▶ _SUPPLIED RECORDS_:
Content starts
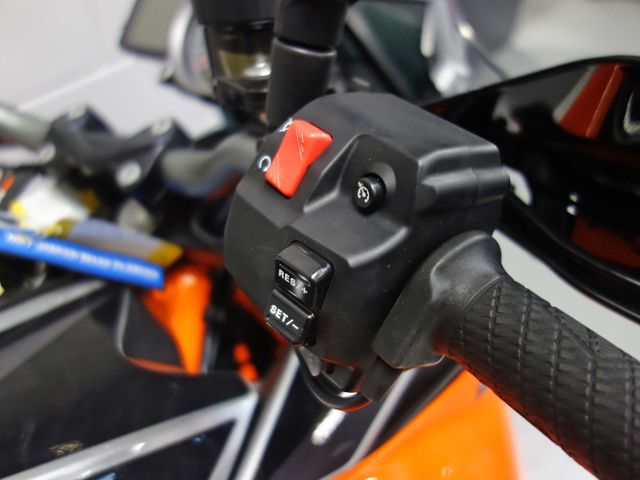 ktm - 1290-super-duke-gt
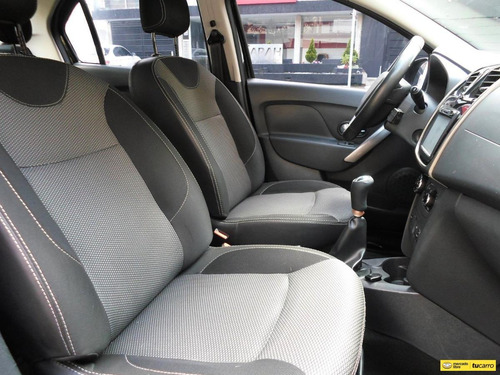 Imagen 6 de 25 de Renault Logan Privilege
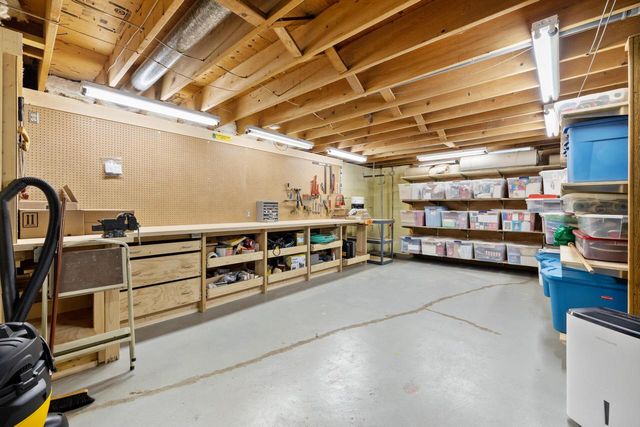 1001 Fairfield COURT, Glendale, WI 53217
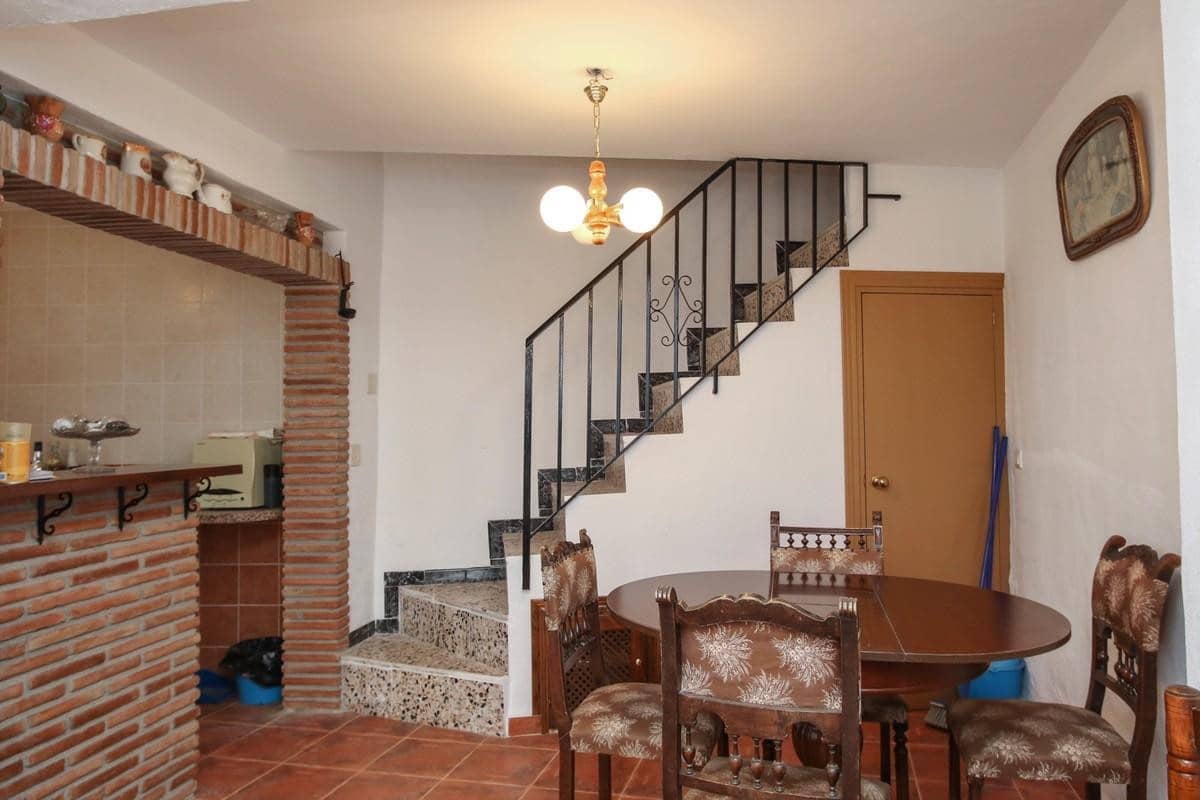 4 slaapkamer Huis te koop in Tolox - € 90.000 (Ref: 4853073)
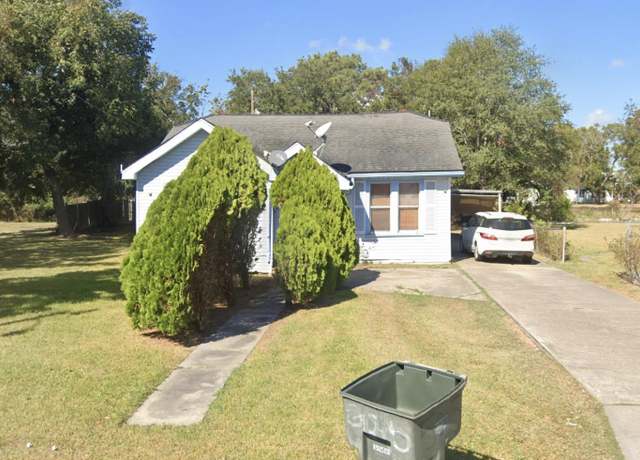 Property at 5015 8th St, Port Arthur, TX 77642, 3 beds, 2 baths
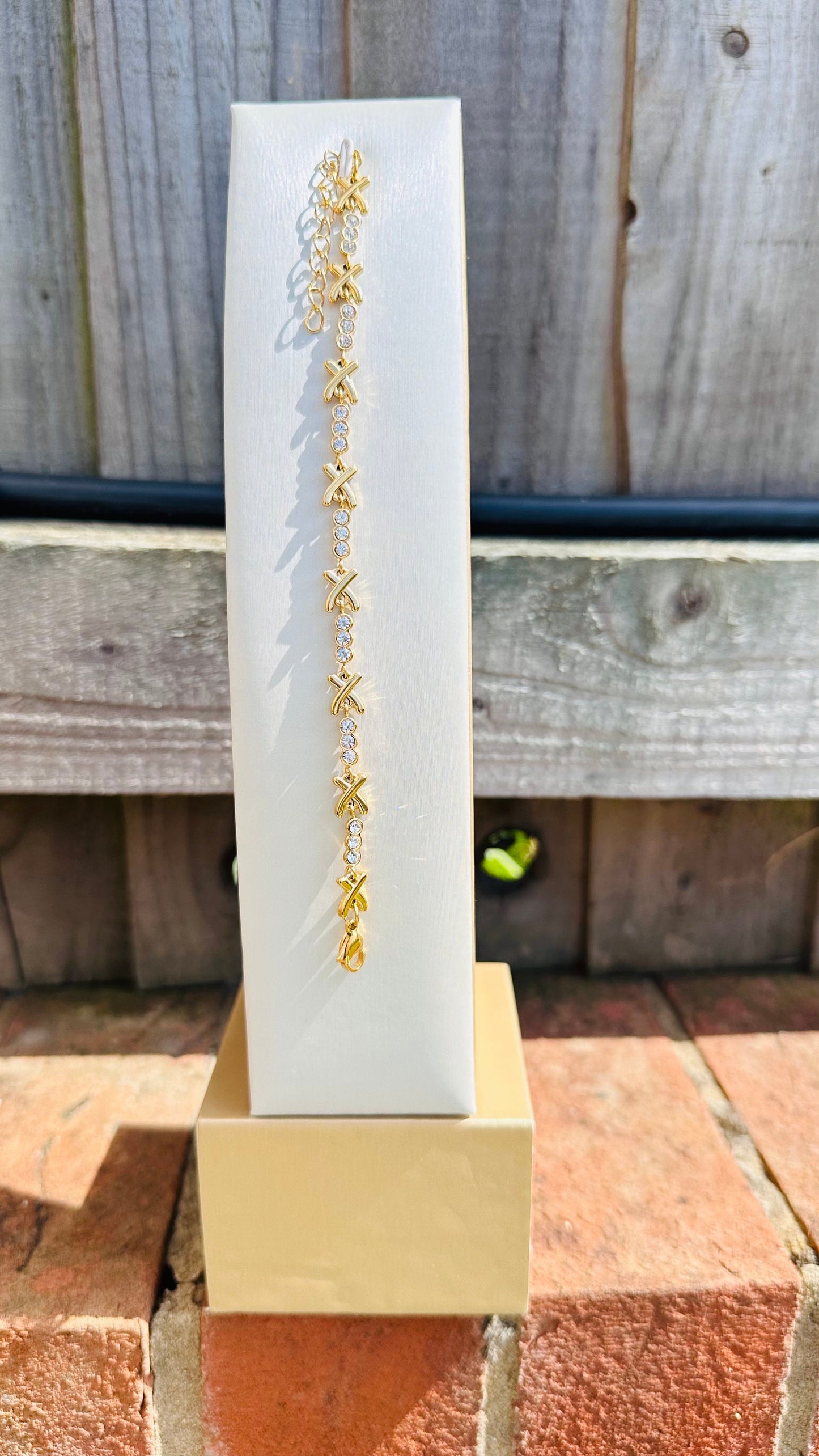 XO Gemma Gold Choker Necklace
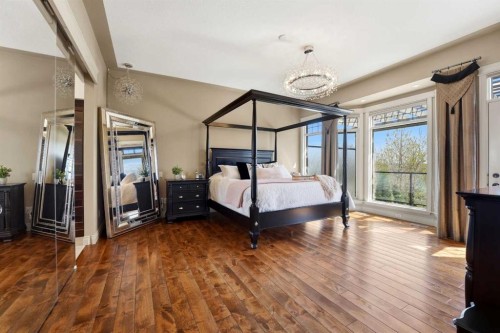 68 Oakwood Close, Red Deer, AB - Indoor Photo Showing Bedroom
Content ends
▶ _WHAT IS EXPECTED_:
Retype the listing exactly and drop the pictures.

▶ _WRITTEN REPLY_:
 ktm - 1290-super-duke-gt
 Imagen 6 de 25 de Renault Logan Privilege
 1001 Fairfield COURT, Glendale, WI 53217
 4 slaapkamer Huis te koop in Tolox - € 90.000 (Ref: 4853073)
 Property at 5015 8th St, Port Arthur, TX 77642, 3 beds, 2 baths
 XO Gemma Gold Choker Necklace
 68 Oakwood Close, Red Deer, AB - Indoor Photo Showing Bedroom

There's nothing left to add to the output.